=== Data in this exercise ===
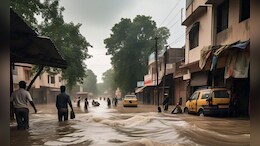 MP में बारिश का कहर: 13 जिलों में बाढ़ का अलर्ट, 5 जिलों में भारी वर्षा की चेतावनी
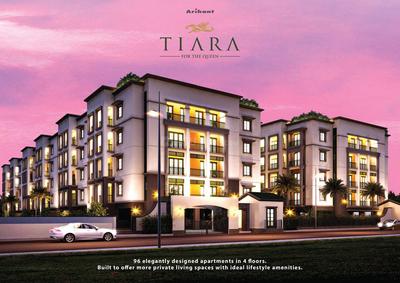 Image of 1667 Sq.ft 3 BHK Apartment / Flat for sale in Arihant Tiara, Nandambakkam, Alandur, Chennai for Rs. 19300000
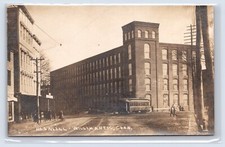 RPPC - Willimantic Connecticut - No. 6 Mill - Real Photo Postcard picture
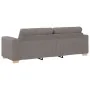 Sofá Taupe Tela, Madera Mediano Resistente Sofá Taupe by , Sofas - Ref: Foro24-4105094, Price: 261,44 €, Discount: %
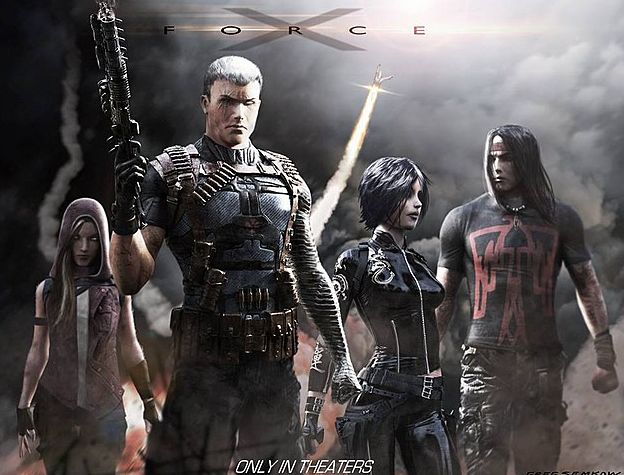 X-Force concept art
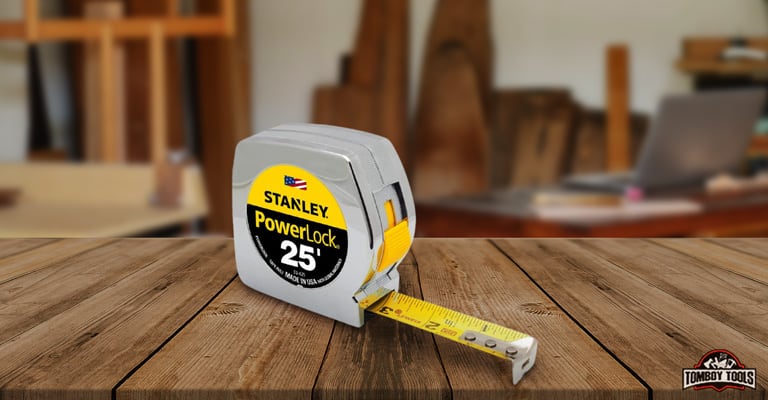 Stanley 33-425 Cinta mètrica de 25 peus per 1 polzada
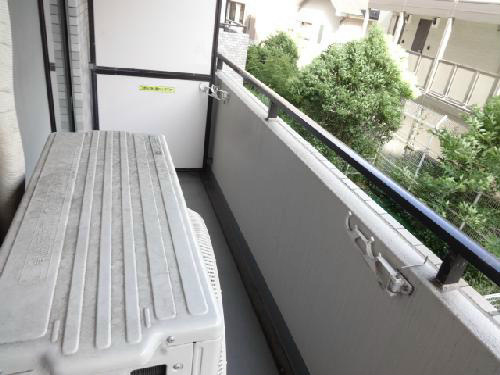 ネオマイム磯子 ベランダ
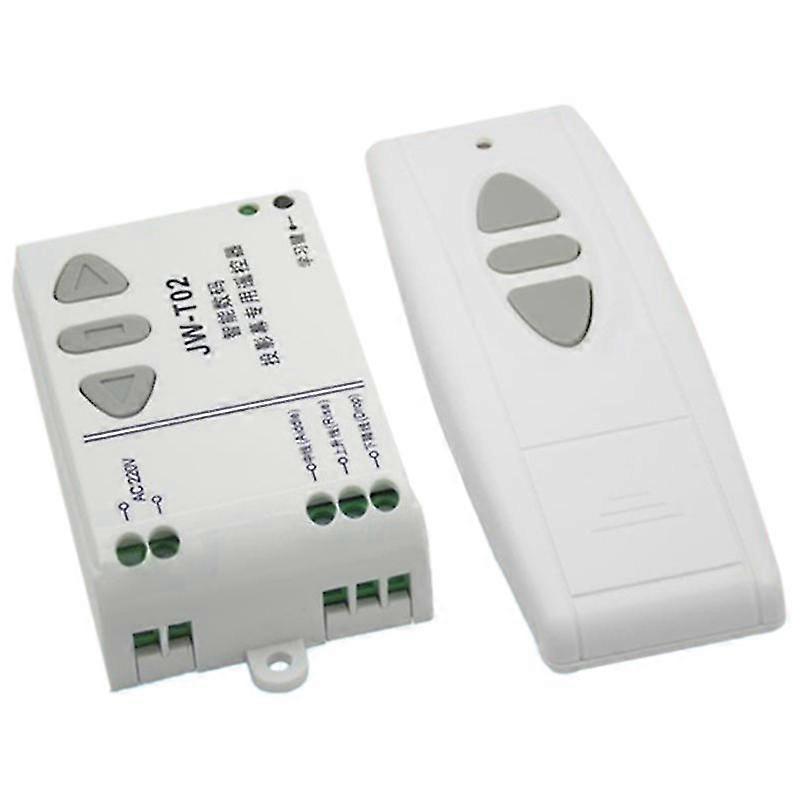 Sichuan Chuanqia Trading -t02 Ac 220v Motor Wireless Remote Control Switch Up Down Stop Tubular Motor Controller Forward Rev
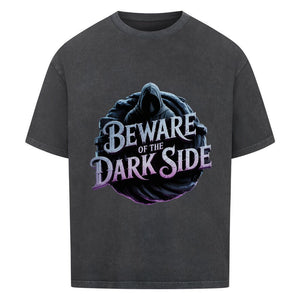 Beware of the Darkside - VACANCY Oversized Shirt | T-Shirt | Dark Shadows Arts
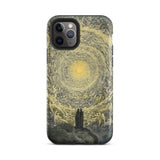 The Divine Comedy Paradiso - Gustave Dore Phone Case Iphone 11 Pro / Matte Iphone Detailed Fantastical Art Print Case Divine Comedy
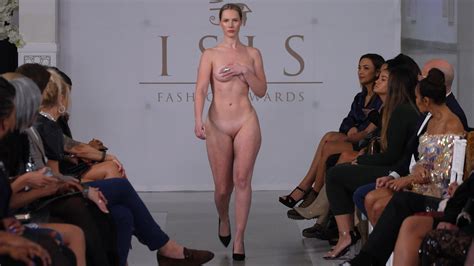 Nude Models Fashion Show Isis Fashion Awards Tv Thisvid
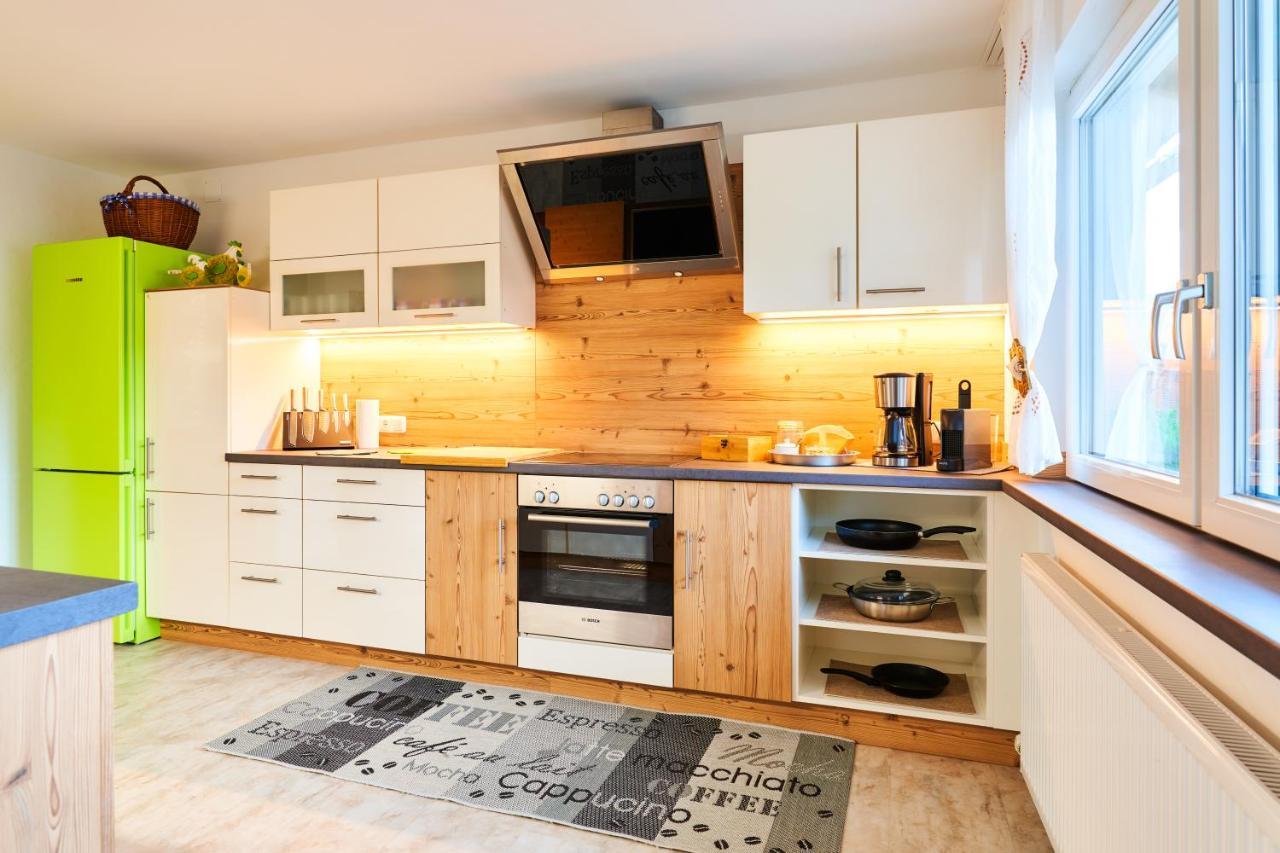 Haus Sonnblick Apartment Wängle Екстериор снимка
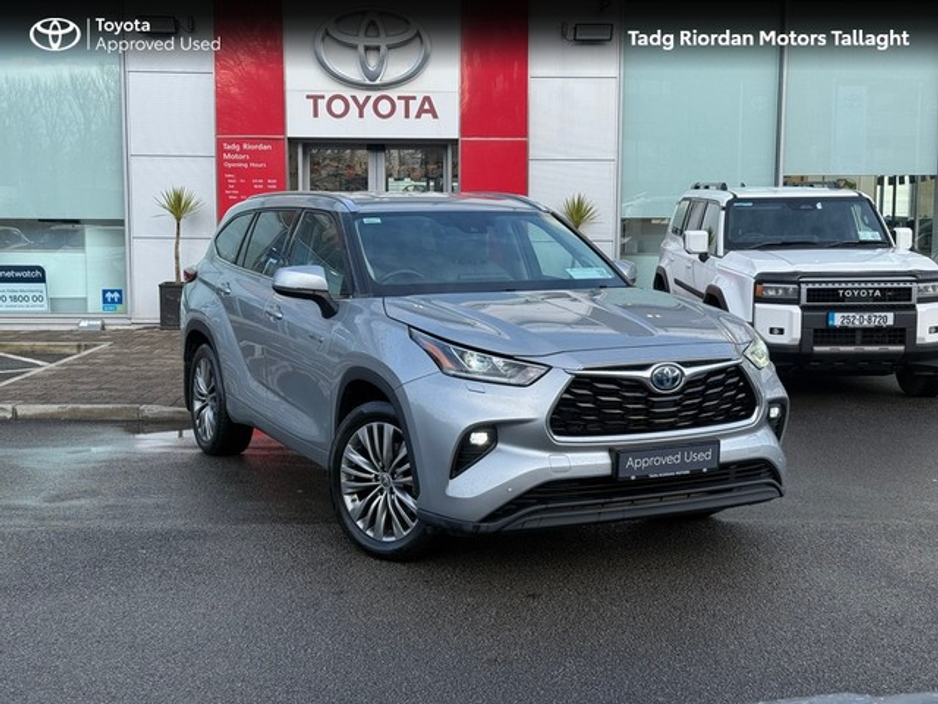 Used Toyota Highlander 2022 in Dublin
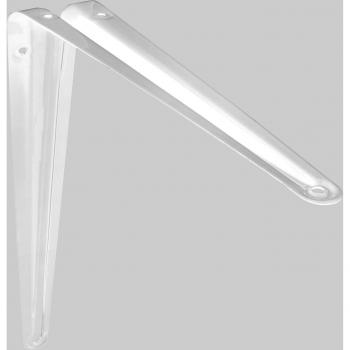 20-piece White London Shelf Bracket Set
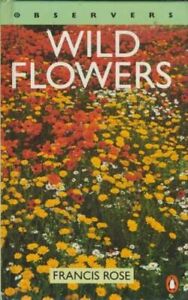 The Observer's Book of Wild Flowers, , Used; Good Book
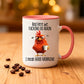 Grinig Kyckling “Good Morning“ Sarkastisk Mugg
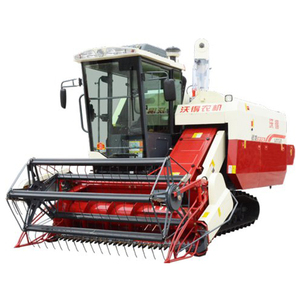 Kubota4LZ-7.0EM(Q) Micro Électrique Vert Moissonneuse pour Viol et Riz Orange Moissonneuse Mini Moissonneuse batteuse - Product Image 1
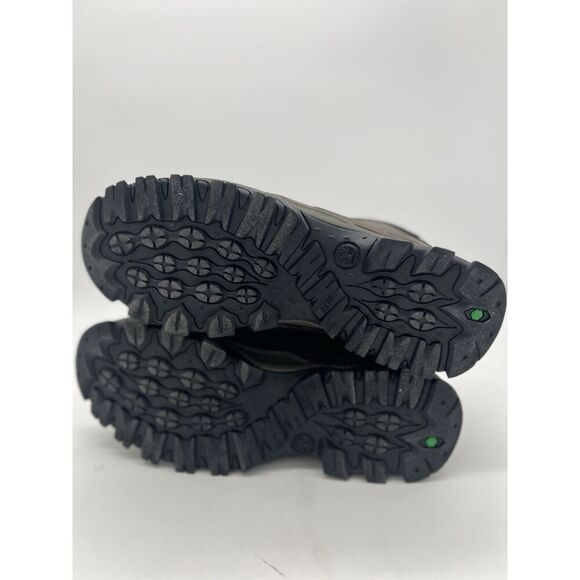 Timberland Men’s Mt. Maddsen Mid Waterproof Hiking Boots Brown NWOB Size 12 Wide - Picture 8 of 9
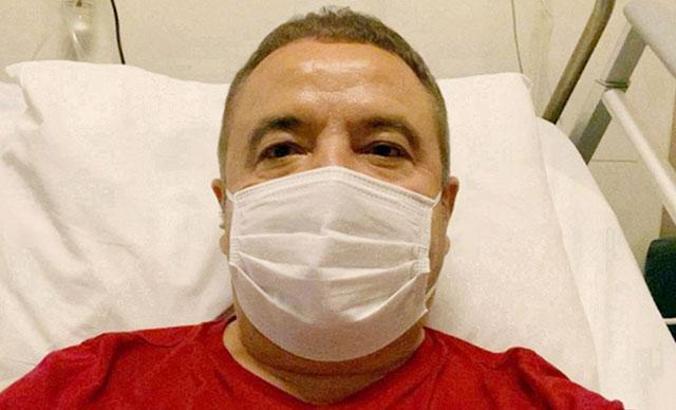 Başkan Böcek'in sağlık durumu stabil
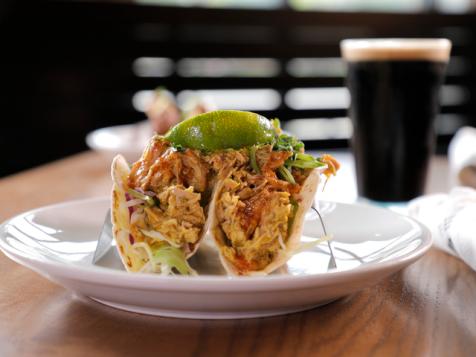 Thai Coconut Chicken Tacos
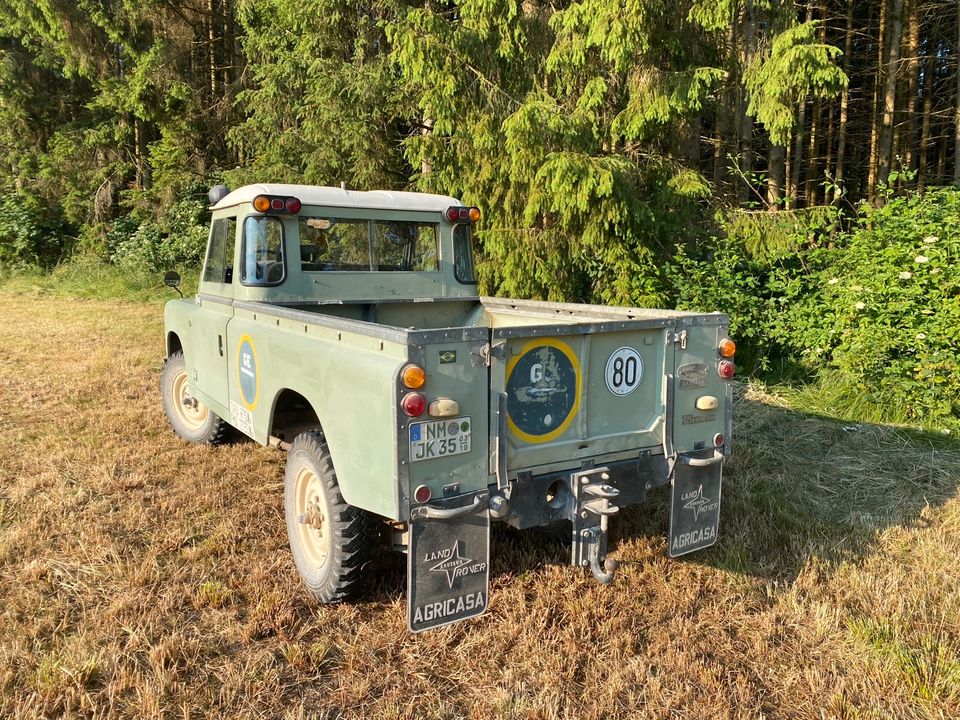 Land Rover Santana in Neumarkt i.d.OPf.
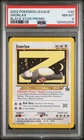 2002 WOTC POKEMON LEAGUE BLACK STAR PROMO SNORLAX #49 SLEEPING SNORLAX PSA 8 F
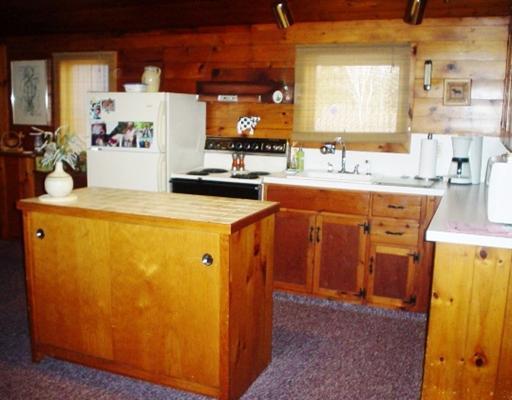 64 Old Dead River Road Eustis, ME 04982 - Photo 6 of 11 Kitchen.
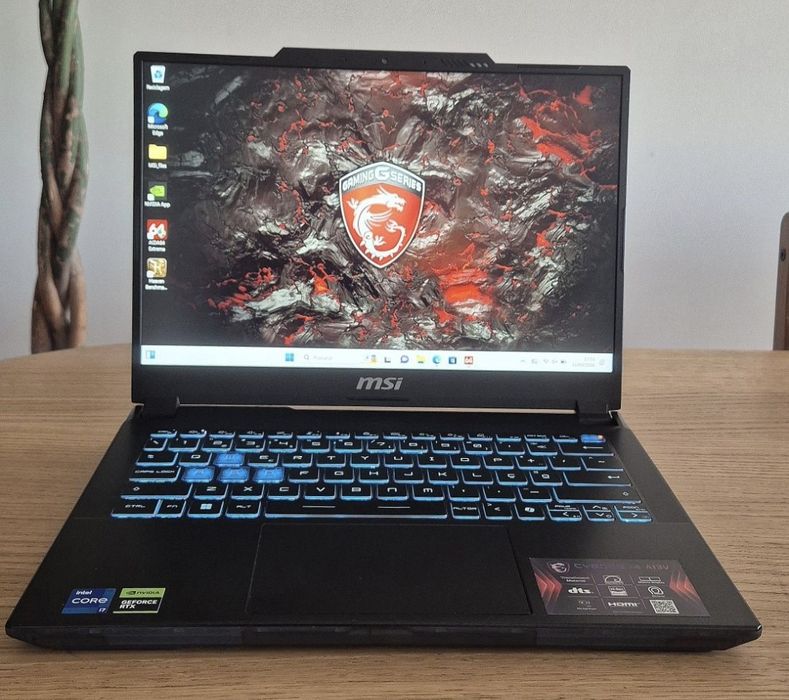 MSi Cyborg i7-13ªGen/ RTX 4060/ 32GB/ 512GB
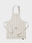 HUMDAKIN Check Apron Organic textiles 100 Pine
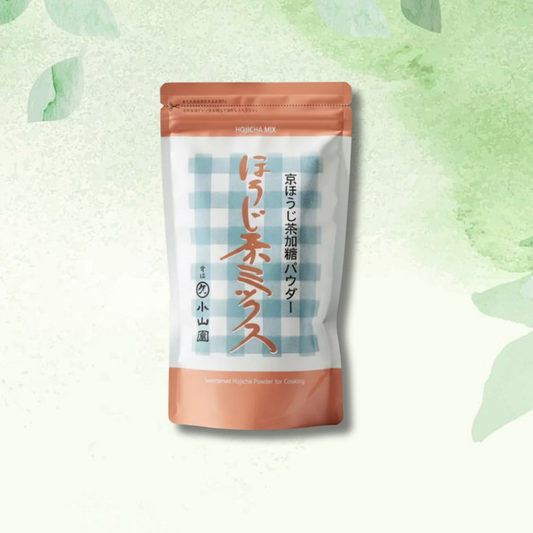 Sweetened Hojicha Mix 200g – Authentic Japanese Roasted Tea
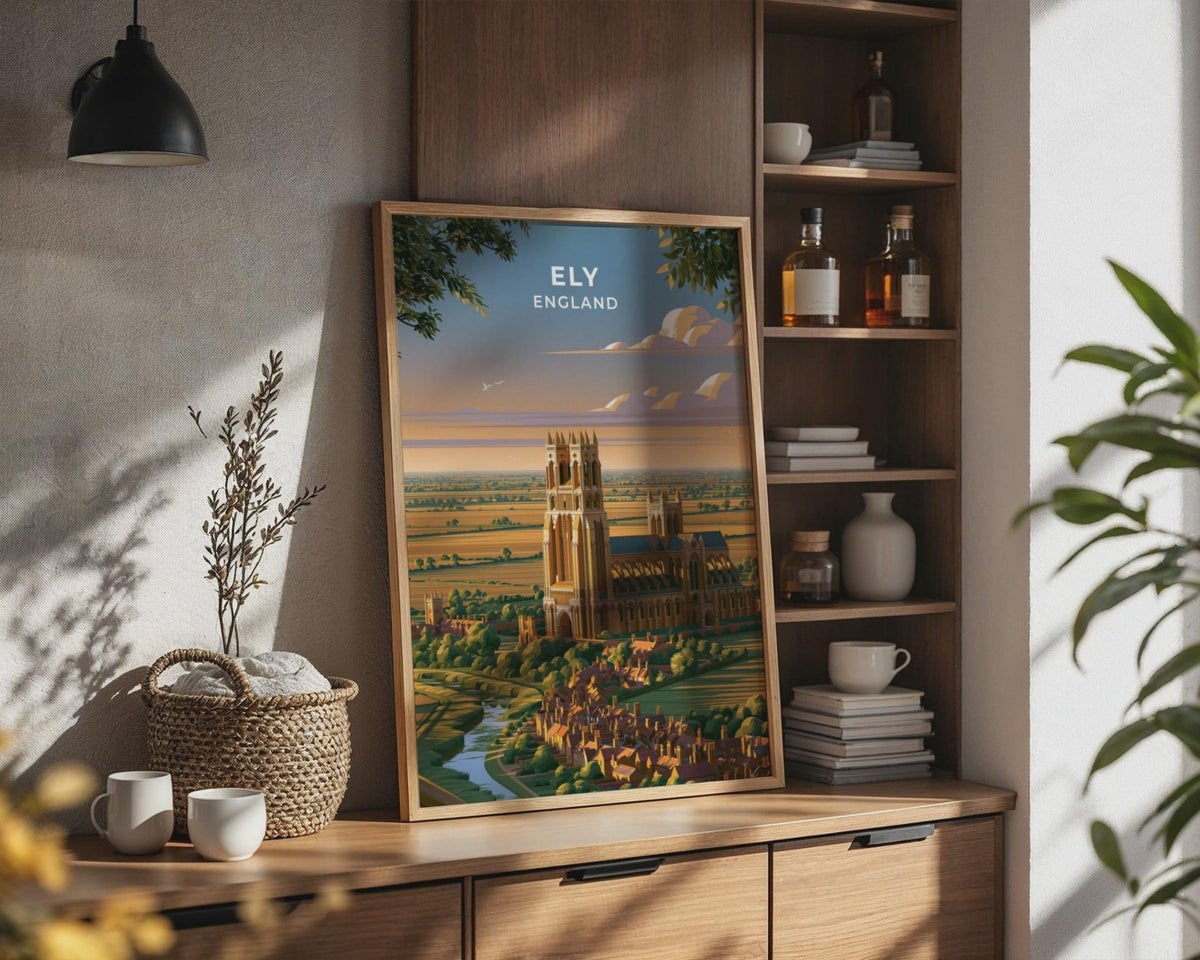 Ely Poster - WanderWall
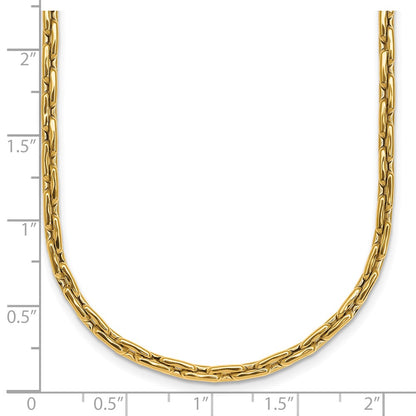 Polished Necklace 18" - 2.9mm
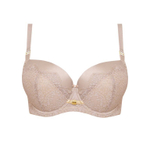 Бюстгальтер на косточках Galina (Размер: 90E) (Цвет: кофейный)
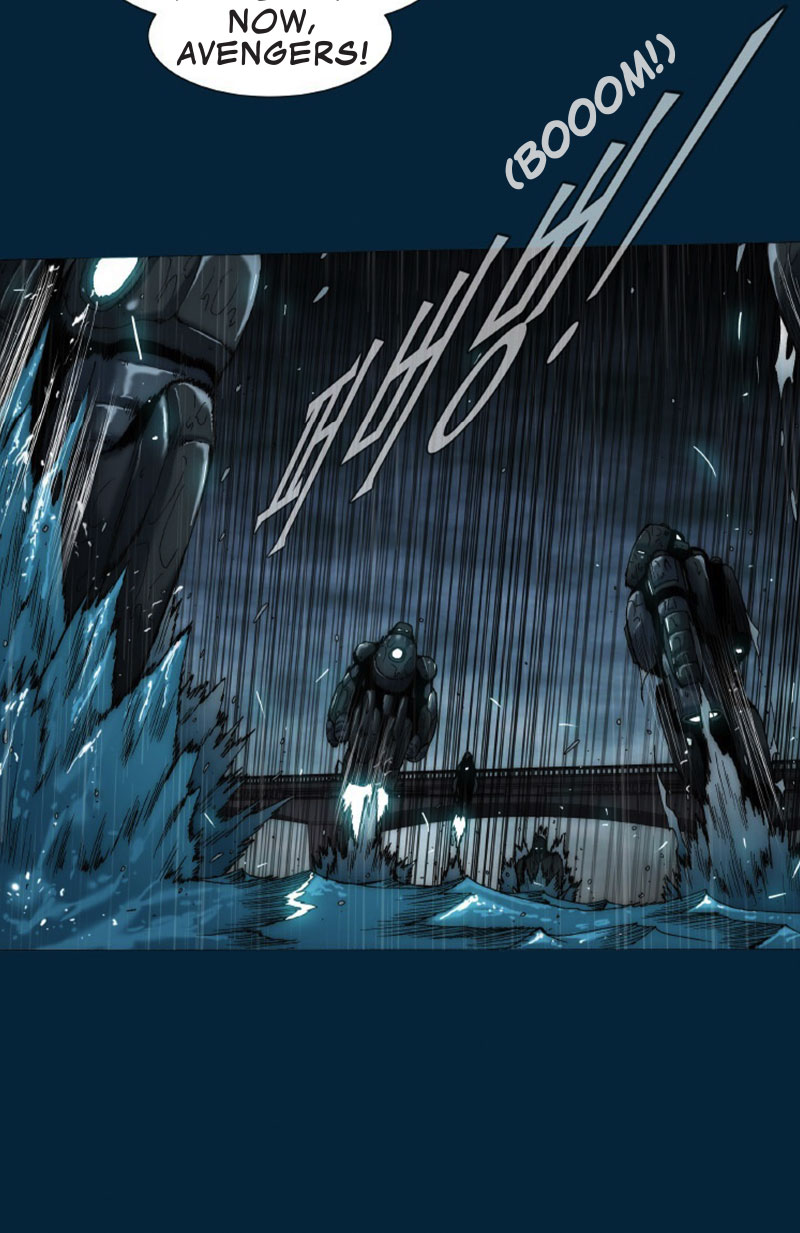 Read online Avengers: Electric Rain Infinity Comic comic -  Issue #8 - 45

=== Your objective ===
Transcribe the listing in full. Leave the pictures out.

=== Solution ===
 MP में बारिश का कहर: 13 जिलों में बाढ़ का अलर्ट, 5 जिलों में भारी वर्षा की चेतावनी
 Image of 1667 Sq.ft 3 BHK Apartment / Flat for sale in Arihant Tiara, Nandambakkam, Alandur, Chennai for Rs. 19300000
 RPPC - Willimantic Connecticut - No. 6 Mill - Real Photo Postcard picture
 Sofá Taupe Tela, Madera Mediano Resistente Sofá Taupe by , Sofas - Ref: Foro24-4105094, Price: 261,44 €, Discount: %
 X-Force concept art
 Stanley 33-425 Cinta mètrica de 25 peus per 1 polzada
 ネオマイム磯子 ベランダ
 Sichuan Chuanqia Trading -t02 Ac 220v Motor Wireless Remote Control Switch Up Down Stop Tubular Motor Controller Forward Rev
 Beware of the Darkside - VACANCY Oversized Shirt | T-Shirt | Dark Shadows Arts
 The Divine Comedy Paradiso - Gustave Dore Phone Case Iphone 11 Pro / Matte Iphone Detailed Fantastical Art Print Case Divine Comedy
 Nude Models Fashion Show Isis Fashion Awards Tv Thisvid
 Haus Sonnblick Apartment Wängle Екстериор снимка
 Used Toyota Highlander 2022 in Dublin
 20-piece White London Shelf Bracket Set
 The Observer's Book of Wild Flowers, , Used; Good Book
 Grinig Kyckling “Good Morning“ Sarkastisk Mugg
 Kubota4LZ-7.0EM(Q) Micro Électrique Vert Moissonneuse pour Viol et Riz Orange Moissonneuse Mini Moissonneuse batteuse - Product Image 1
 Timberland Men’s Mt. Maddsen Mid Waterproof Hiking Boots Brown NWOB Size 12 Wide - Picture 8 of 9
 Başkan Böcek'in sağlık durumu stabil
 Thai Coconut Chicken Tacos
 Land Rover Santana in Neumarkt i.d.OPf.
 2002 WOTC POKEMON LEAGUE BLACK STAR PROMO SNORLAX #49 SLEEPING SNORLAX PSA 8 F
 64 Old Dead River Road Eustis, ME 04982 - Photo 6 of 11 Kitchen.
 MSi Cyborg i7-13ªGen/ RTX 4060/ 32GB/ 512GB
 HUMDAKIN Check Apron Organic textiles 100 Pine
 Sweetened Hojicha Mix 200g – Authentic Japanese Roasted Tea
 Ely Poster - WanderWall
 Polished Necklace 18" - 2.9mm
 Бюстгальтер на косточках Galina (Размер: 90E) (Цвет: кофейный)
 Read online Avengers: Electric Rain Infinity Comic comic -  Issue #8 - 45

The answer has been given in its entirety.